A search in the literature revealed that 13 fungal enzymes purified and characterized from mushrooms and other fungi are able to inhibit protein synthesis and their activity was associated to that of analogue RIPs from plants. However, after careful revision, we found that rRNA N-glycosylase activity was only uncertain for five enzymes, which were calcaelin from C. caelata, lyophyllin from L. shimeji, marmorin from H. marmoreus, mucoricin from R. delemar and volvarin from V. valvacea. Therefore, we used the Endo’s assay to detect enzymes that hydrolyze a specific phosphodiester bond (ribonucleases) or cleave a single N-glycosidic bond (rRNA N-glycosylases; plant ‘RIPs’). Indeed, the detection of α- or β-fragment release, with and without acid aniline treatment, allows one to distinguish between the two different enzymatic activities, although at the cellular level, the physiological action is the same (i.e., protein synthesis blocking).

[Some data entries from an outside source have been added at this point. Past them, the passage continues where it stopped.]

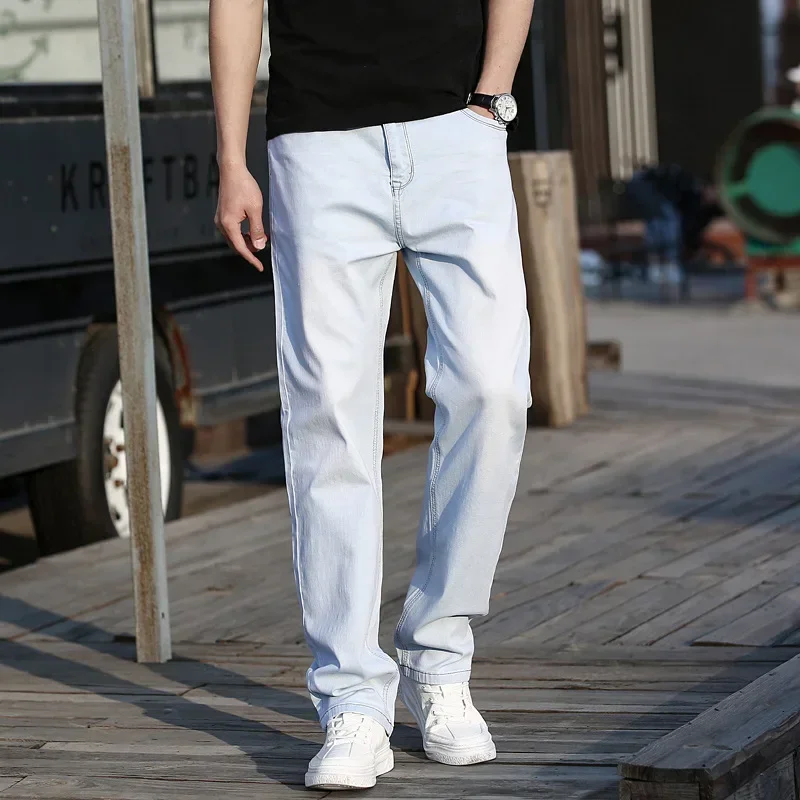 6 Colors Spring Summer Men's Thin Straight-leg Loose Jeans Classic Style Advanced Stretch Baggy Pants Male Plus Size 40 42 44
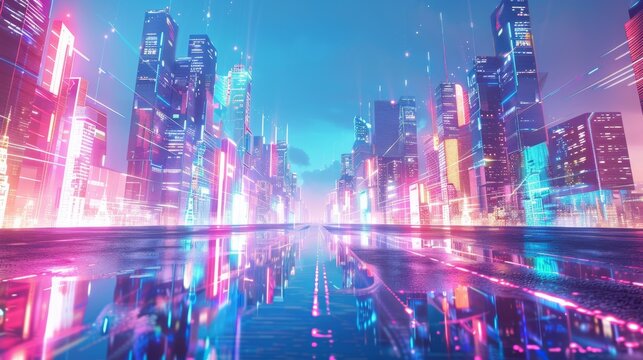 A futuristic cityscape with skyscrapers and glowing neon lights, a clear blue sky in the background, a long holographic street leading to an unknown horizon, reflecting on wet pavement, a sense of mys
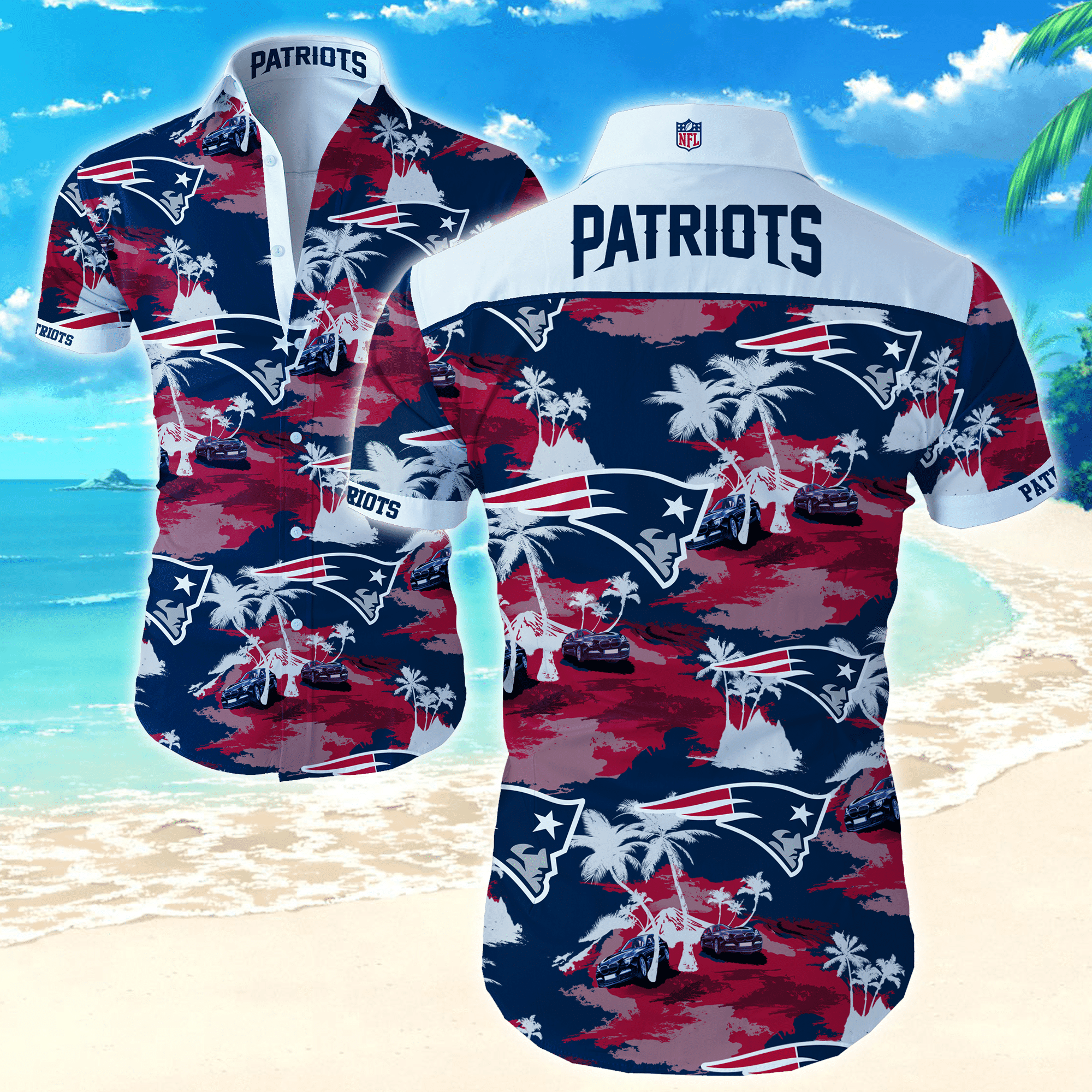 Nfl New England Patriots Hawaiian Shirt Tropical Aloha Button Up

In addition, we used the structural information available on fungal N-glycosylases to perform a phylogenetic analysis, revealing the difference between plant and fungal N-glycosylases, showing the presence of two hypothetical groups retrieved to date in fungi with structural differences, which can be considered analogues to rRNA N-glycosylases from plants.

In this scenario, further studies will be necessary in order to clarify the structural features and the role of these enzymes (i.e., fungal N-glycosylases) in mushrooms and other fungi. It is also necessary to consider them from an evolutionary point of view as a novel example of analogue enzymes that share the same target but likely with different catalytic mechanisms (convergent evolution).